**ASSIGNMENT:** Further down are entries; set down exactly and only the lines from the one with "New England Panel Storage Bed" up to and including the one with "CIPO & BAXX Jacke in Grau: Vorderseite", dropping each picture.

━━ RECORDED INFORMATION

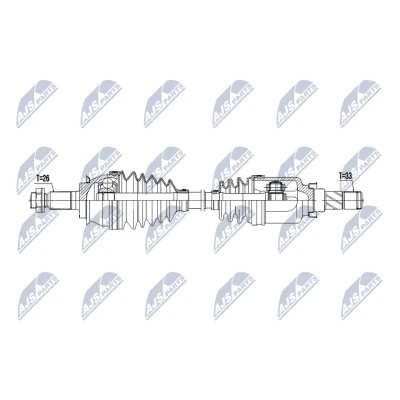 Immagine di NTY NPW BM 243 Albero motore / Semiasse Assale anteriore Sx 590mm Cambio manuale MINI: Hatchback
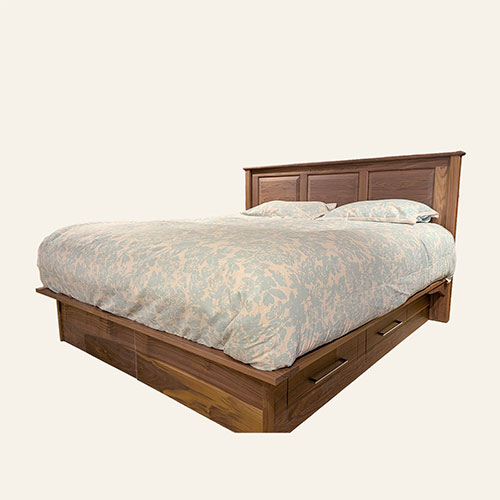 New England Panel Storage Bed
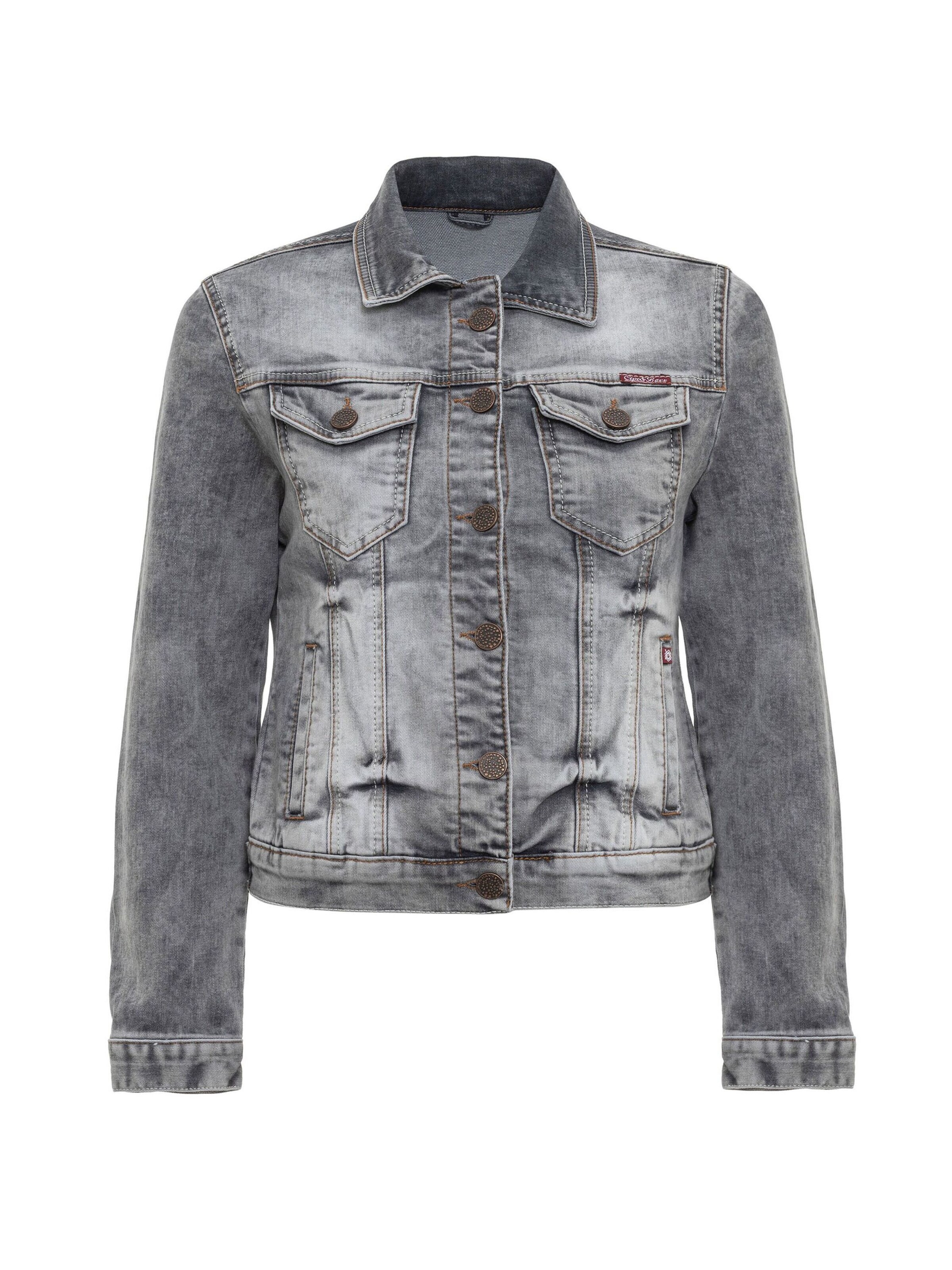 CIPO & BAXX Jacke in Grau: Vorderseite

━━━━
━━ RECORDED INFORMATION

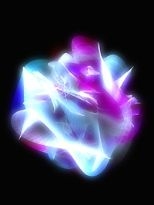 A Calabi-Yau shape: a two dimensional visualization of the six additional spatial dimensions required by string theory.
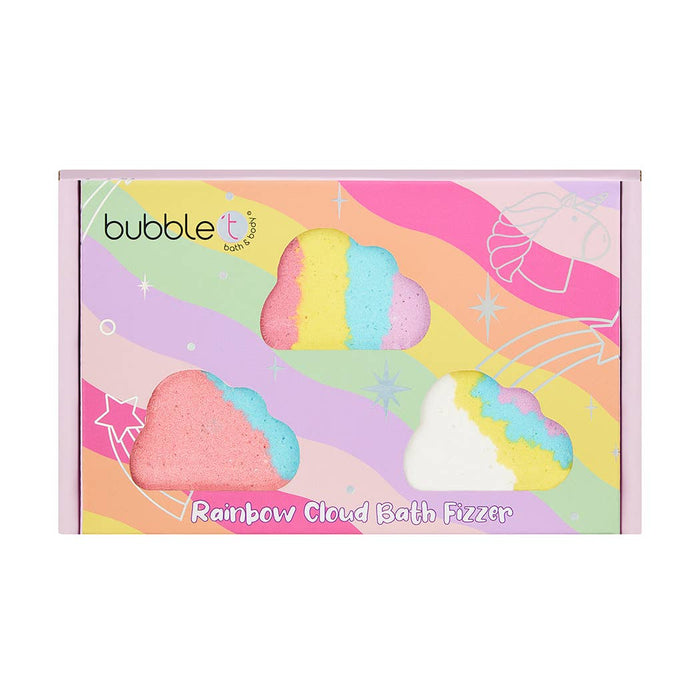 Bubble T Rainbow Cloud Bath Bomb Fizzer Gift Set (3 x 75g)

━━━━
━━ RECORDED INFORMATION

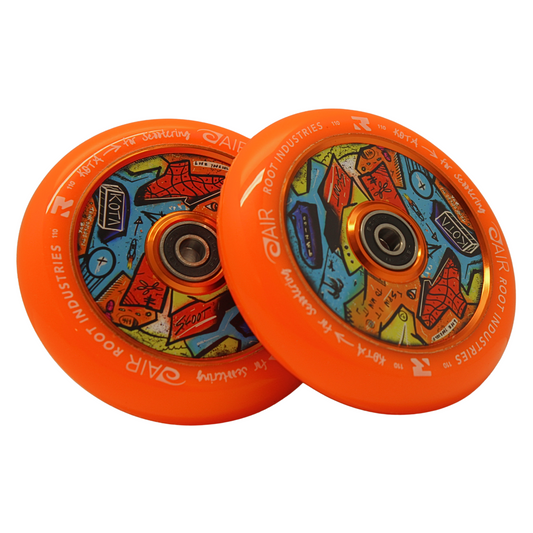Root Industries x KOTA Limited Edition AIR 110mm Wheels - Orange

━━━━

**EXPECTED ANSWER:**
 New England Panel Storage Bed
 CIPO & BAXX Jacke in Grau: Vorderseite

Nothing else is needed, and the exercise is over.